Exercise details: Skip the images and restate every line of the records exactly.
[[ Data under study open ]]
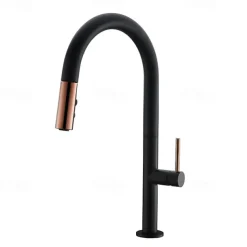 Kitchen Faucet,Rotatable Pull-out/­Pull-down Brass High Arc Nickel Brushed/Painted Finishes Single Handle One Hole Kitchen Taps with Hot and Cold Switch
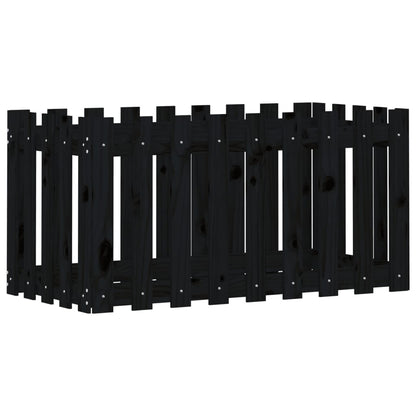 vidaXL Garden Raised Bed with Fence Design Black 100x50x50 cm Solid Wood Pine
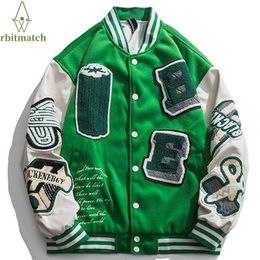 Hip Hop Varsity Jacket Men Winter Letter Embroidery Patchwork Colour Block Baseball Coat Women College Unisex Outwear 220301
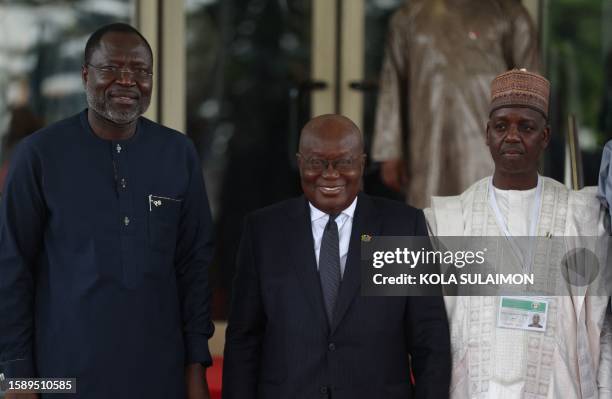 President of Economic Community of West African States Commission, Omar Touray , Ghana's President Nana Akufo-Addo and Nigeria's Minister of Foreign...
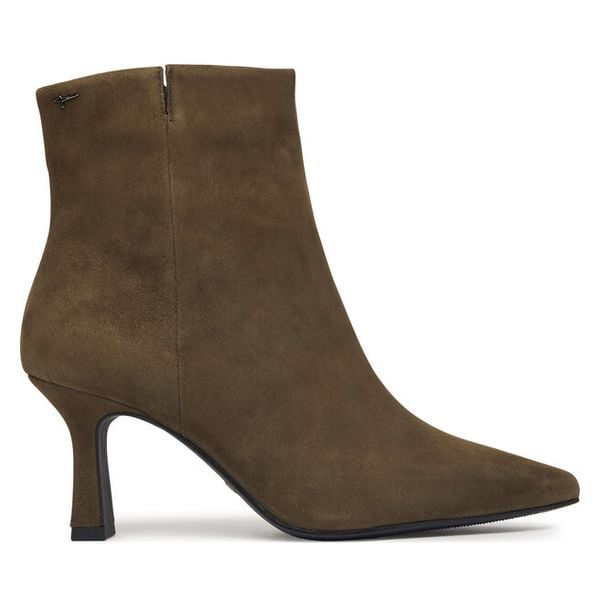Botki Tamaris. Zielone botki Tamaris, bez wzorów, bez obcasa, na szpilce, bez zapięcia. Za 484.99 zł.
[[ Data under study closed ]]
Result below:
 Kitchen Faucet,Rotatable Pull-out/­Pull-down Brass High Arc Nickel Brushed/Painted Finishes Single Handle One Hole Kitchen Taps with Hot and Cold Switch
 vidaXL Garden Raised Bed with Fence Design Black 100x50x50 cm Solid Wood Pine
 Hip Hop Varsity Jacket Men Winter Letter Embroidery Patchwork Colour Block Baseball Coat Women College Unisex Outwear 220301
 President of Economic Community of West African States Commission, Omar Touray , Ghana's President Nana Akufo-Addo and Nigeria's Minister of Foreign...
Botki Tamaris. Zielone botki Tamaris, bez wzorów, bez obcasa, na szpilce, bez zapięcia. Za 484.99 zł.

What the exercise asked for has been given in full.